Exercise prompt: Only the text is wanted; write out each record below exactly and exclude all pictures.
--
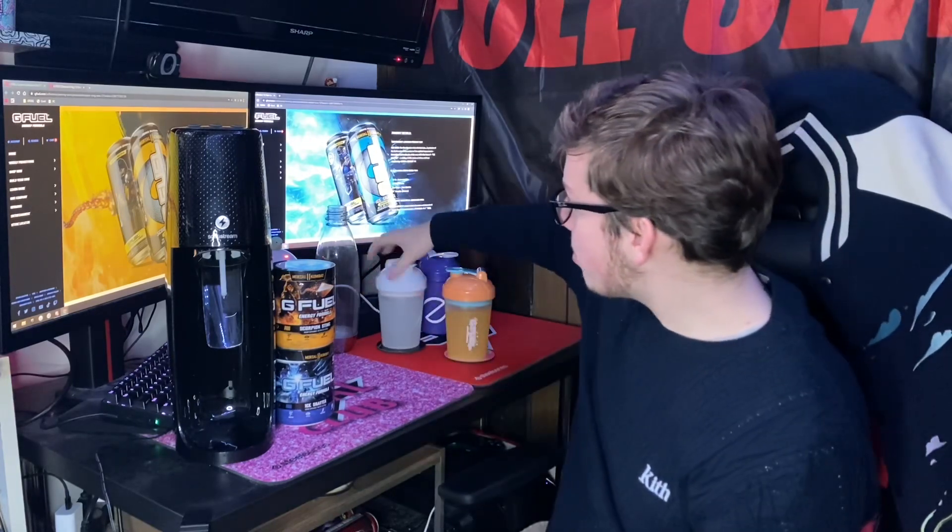Let's go ahead and try Ice Shatter now. Ice Shatter looks really promising — just the color of it and the fizziness, it looks really good. Oh wow — that is incredible, that is incredible. I think both of these as cans are going to be so good.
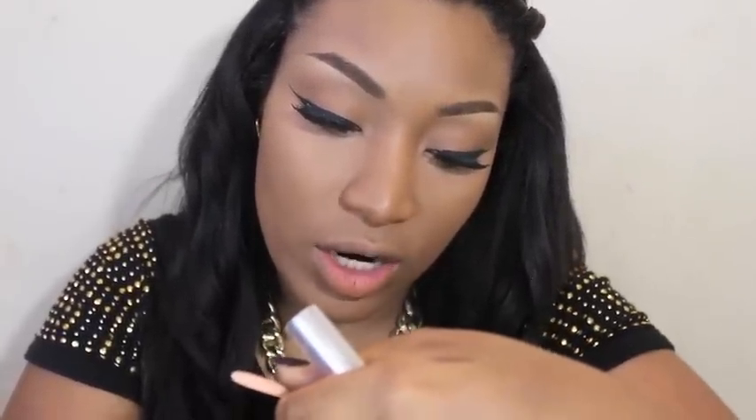My Tarte inner rim liner — this is what goes inside of my waterline and I've been loving it every day. Now some mascara. See, it looks like gold eyes. I love it.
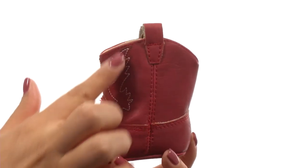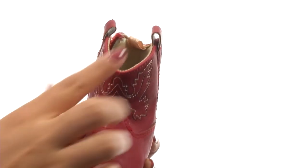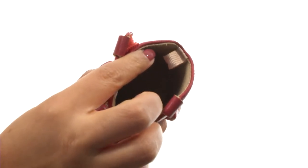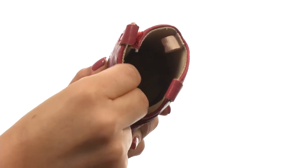Here we have a faux leather upper with a Western stitch design for a beautiful look. There's a hook and loop closure for easy on and off wear. On the inside there's soft textile lining for a great next-to-skin feel.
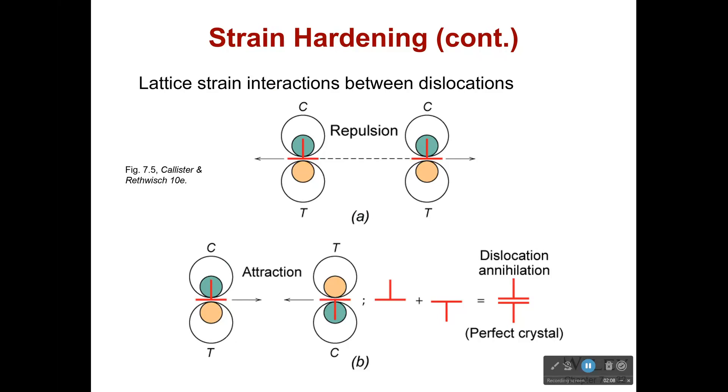So what's going on with this strain hardening? We have to realize that there is more than one dislocation inside our material. If there are two compressive stresses on the same side, they are not going to like it — they are going to repel each other, which is going to keep them from moving towards each other.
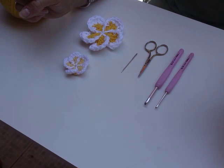Hi, I'm Rosanna, the artist and designer behind Bikini to Crochet, and in today's video I'm going to be giving you a free crochet pattern on how to make a crochet frangipani. So let's get started.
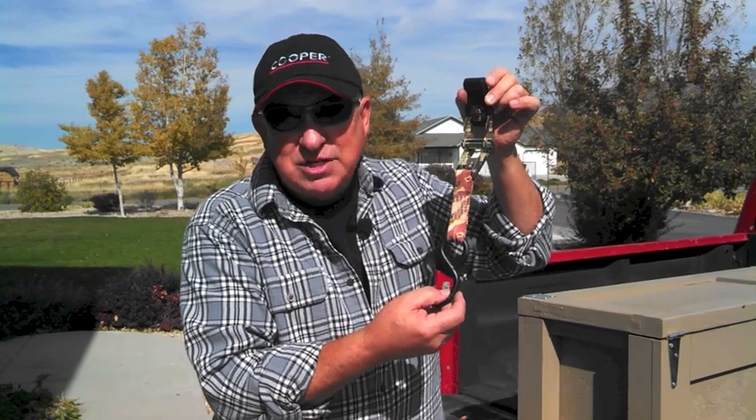Hey, if you've ever tried to use one of these things and it just confused the heck out of you, well I'm here to help. In just a few moments I'll show you how to become a Ninja Master of the Ratchet Strap.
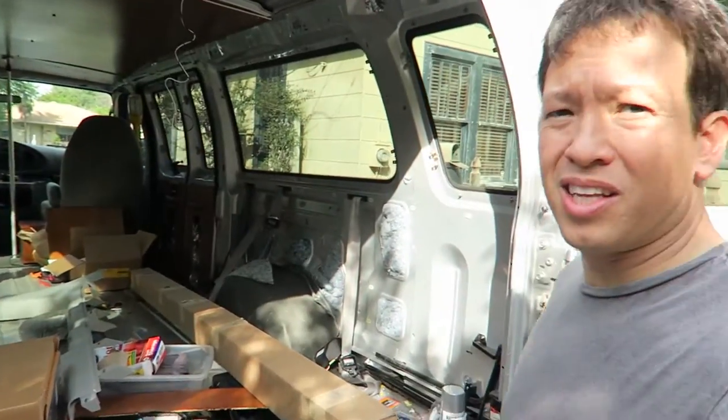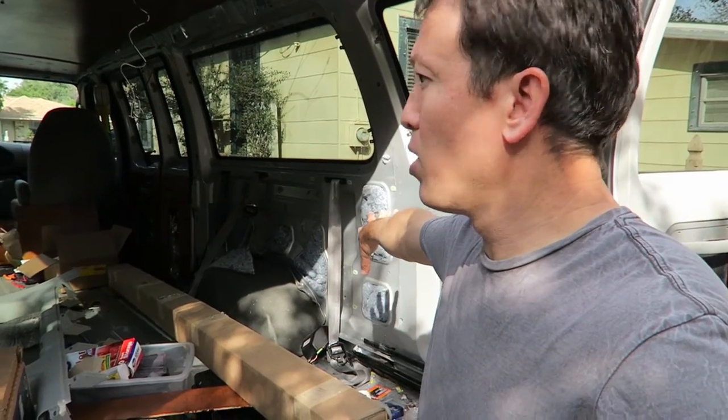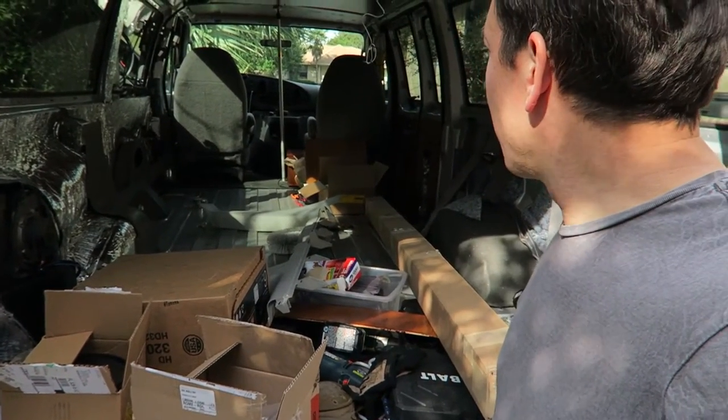What I'm planning to do in this next little bit is finish putting radiant barrier on this side, and then also get the radiant barrier down on the floor. I think if I can accomplish that, that'll be good. So, here goes.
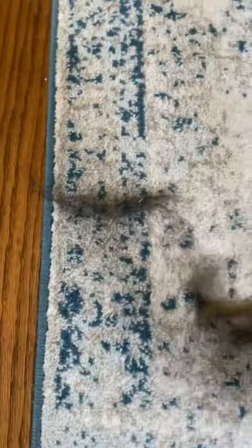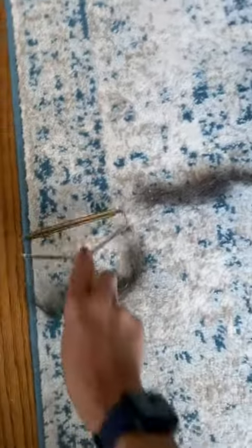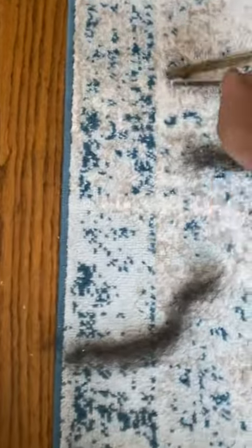But then as you scrape, it just gets so much hair out. It's wild. It doesn't even look like that hair is in there.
--
Written solution:
Let's go ahead and try Ice Shatter now. Ice Shatter looks really promising — just the color of it and the fizziness, it looks really good. Oh wow — that is incredible, that is incredible. I think both of these as cans are going to be so good.
My Tarte inner rim liner — this is what goes inside of my waterline and I've been loving it every day. Now some mascara. See, it looks like gold eyes. I love it.
Here we have a faux leather upper with a Western stitch design for a beautiful look. There's a hook and loop closure for easy on and off wear. On the inside there's soft textile lining for a great next-to-skin feel.
So what's going on with this strain hardening? We have to realize that there is more than one dislocation inside our material. If there are two compressive stresses on the same side, they are not going to like it — they are going to repel each other, which is going to keep them from moving towards each other.
Hi, I'm Rosanna, the artist and designer behind Bikini to Crochet, and in today's video I'm going to be giving you a free crochet pattern on how to make a crochet frangipani. So let's get started.
Hey, if you've ever tried to use one of these things and it just confused the heck out of you, well I'm here to help. In just a few moments I'll show you how to become a Ninja Master of the Ratchet Strap.
What I'm planning to do in this next little bit is finish putting radiant barrier on this side, and then also get the radiant barrier down on the floor. I think if I can accomplish that, that'll be good. So, here goes.
But then as you scrape, it just gets so much hair out. It's wild. It doesn't even look like that hair is in there.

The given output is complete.